Maria De Koninck Maria De Koninck
Professeure émérite et associée, département de médecine sociale et préventive, Université Laval

Mais, par respect et gratitude envers toutes celles et tous ceux qui se donnent corps et âme dans les soins, l’écoute et l’accompagnement des malades, des personnes vulnérables, des familles en deuil ainsi que dans la prévention et la gestion de la pandémie, ne devons-nous pas prendre un engagement ? Celui de ne plus jamais accepter que soient créées des conditions qui rendent leur travail plus exigeant et plus risqué, leur font vivre des dilemmes éthiques évitables et déshumanisent les situations dans lesquelles de nombreuses personnes souffrent et plusieurs s’éteignent.

Certaines conditions rendent en effet plus difficile le combat contre les ravages directs et collatéraux de la COVID-19 et accentuent les inégalités sociales entre ses victimes. Ces conditions sont les résultats de décisions prises au cours des dernières années, malgré les avertissements, protestations et cris d’alarme des travailleuses et travailleurs de la santé et des services sociaux, des organismes communautaires et des milieux d’enseignement et de recherche.

Pourquoi ne prenons-nous pas, collectivement et dès maintenant, l’engagement que, plus jamais, nous ne permettrons :

> qu’un ministre de la Santé et des Services sociaux s’arroge un pouvoir qui frise l’autocratie, comme ce fut le cas du ministre Gaétan Barrette ;

> que l’on centralise les décisions dans d’immenses organisations multi-vocationnelles, noyant ainsi les missions particulières des services de santé et services sociaux, notamment la prévention et la santé publique. On a vu à quel point la perspective hospitalo-centriste a pu, dans un tel contexte, dominer la répartition des ressources et ainsi affaiblir les services consacrés aux plus vulnérables, dont les personnes âgées (CHSLD), les enfants (DPJ) et les personnes aux prises avec des problèmes de santé mentale ;

> que l’on crée, en réduisant le nombre d’intermédiaires sous prétexte d’épargner des sous, une telle distance entre les décideurs et celles et ceux qui œuvrent sur le terrain que leurs communications deviennent dysfonctionnelles ;

> que l’on fasse fi de la compétence des gens « du terrain » lorsqu’il s’agit de définir des priorités et d’organiser des services ;

> que l’on appauvrisse nos ressources collectives, comme celles des CLSC, pour renforcer des ressources privées ;

> que l’on tourne le dos aux pratiques démocratiques en retirant voix au chapitre aux communautés dans l’orientation et l’organisation des ressources qui les concernent ;

> que l’on alloue aux fédérations professionnelles de médecins une part disproportionnée de nos ressources financières. Et surtout, que l’on accorde à ces organisations syndicales un pouvoir de négociation sur l’accès de la population aux services médicaux et hospitaliers. Et que l’on consolide, ce faisant, un déséquilibre malsain entre les intervenants appartenant à différents corps d’emploi, alors qu’officiellement on prône l’interdisciplinarité pour son efficacité.
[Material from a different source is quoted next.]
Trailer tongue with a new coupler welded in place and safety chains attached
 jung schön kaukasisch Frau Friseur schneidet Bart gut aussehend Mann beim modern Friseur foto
Au-delà de cet engagement collectif à ne plus jamais accepter de tels reculs, il est clair que toutes ces décisions devront être revues et corrigées ! Toutefois, il est capital qu’elles le soient de façon collective pour mettre à profit les savoirs de toutes les catégories de travailleuses et travailleurs de la santé et des services sociaux, des organismes communautaires et des communautés elles-mêmes.

Nous devons prendre cet engagement et préparer l’avenir, ne serait-ce que pour éviter que la souffrance qui découle des obstacles dressés devant la bonne volonté de celles et ceux qui sont « au front », dans les services de santé, dans les services sociaux et dans les communautés, tombe dans l’oubli.